Author Joanna Rush says that is the trinity she tackles in her recently released book, “Asking For It: A Rockette’s Tale.” The fictionalized memoir is based on Rush’s long-running one-woman show, “Asking For It,”which details her journey from a cloistered Irish-Catholic upbringing to the mean streets of New York City, where the upstart chorus girl discovers cruel realities that threaten to squash her sense of faith and her hope. She deals with homelessness and heartache, loses friends to AIDS and endures horrific sexual violence. (The titles of the projects refer to the callous words of a police officer that discovered Rush after she was raped: “You were asking for it.”) Ultimately she triumphs, making her way to the bright lights of Broadway and beyond one resolute step – or rather, high-kick – at a time.
“Asking For It: A Rockette’s Tale” balances pathos with humor, translating the dark comedy ofRush’s stage show into print. Rush’s spiritedness isn’t confined to her performances with that sequin-covered dance company she pursues, with dogged earnestness, for a job. It is found in her resolute insistence on finding bright spots even in the darkest times. Whether marveling at this flame-haired spitfire’s I’m-Going-To-Make-It moxie, or admiring her perseverance through the turmoil of religious guilt and sexist shaming, readers discover an unconquerable character Broadway couldn’t invent.
That character resonates strongly with the LGBT community, says Rush, who has a strong gay following. “Asking For It” touches on certain issues with obvious parallels to the LGBT experience: overcoming gender-based bias and bucking against the dogmatic rigidity of organized religion, just to start. But Rush also paints the picture of a tender, loving relationship between Bernie and her gay best friend, Johnnie. It is based on Rush’s real relationship with her best friend John, a gay activist. Rush watched as John and his partner – along with many other actor friends – died in a time when NYC seemed to the ground zero for AIDS.
“It was an incredible time,” recalls Rush of the artistic energy that flourished in NYC’s Village in the ‘80s. Then the epidemic descended, stealing away friends – and chosen family. “It changed our lives,” she says. “It’s important to know that piece of history.” Today Rush is an interfaith reverend, and officiates many same-sex ceremonies – partly out of tribute to the marriages her loving friends could never have.
The issues in “Asking For It” are certainly relevant to the present-day, a world in which churches and politicians are working harder as hard as ever on anti-woman agendas. Every day, it seems a different horrific headline – whether reporting the recent brutal rape of a young woman in India by a gang of thugs, or of a teenage girl by an Ohio football team – underscores the value of Rush sharing her experience. “It as important as ever to speak out,” says Rush.
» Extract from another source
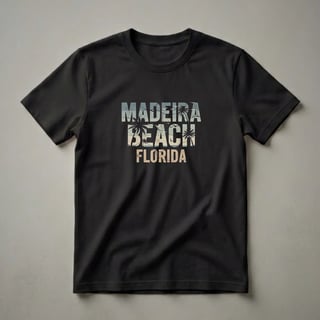 Retro Madeira Beach Florida Palm Tree Graphic T-Shirt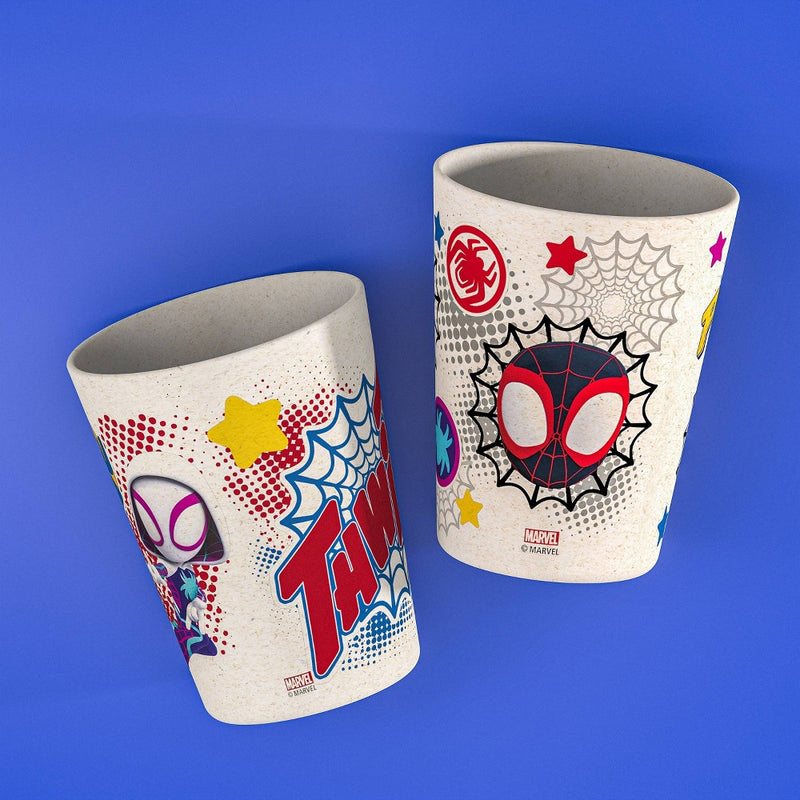 Zak Designs 2pk 10 fl oz Spidey and His Amazing Friends Melamine Tumblers Cream/Red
But her story already exists as a show. Why write a book now? “What am I going to do, sit around and crochet?” jokes Rush with typically deadpan humor. Rush debuted her one-woman show in 2006 and continues to perform it across the country – she has plans for a college campus tour next year – but opportunities for actresses become fewer as they get older. Plus the book allows Rush to expand on the story. It incorporates greater background – particularly about her devout Catholic childhood – and introduces new characters that couldn’t be contained in the stage show. (She already plays nine characters in it. Enough, already!)
“It’s a completely different creative process,” says Rush of writing the book. Whereas producing a show more quickly becomes a collaborative process, Rush says that writing the book was a more autonomous experience. There isn’t the opportunity to workshop the piece, or digest immediate audience feedback. That feels scary, but in a way strangely cathartic for such a deeply personal piece. “In many ways, writing the book was comforting,” says Rush. “I had the freedom to go deeper.”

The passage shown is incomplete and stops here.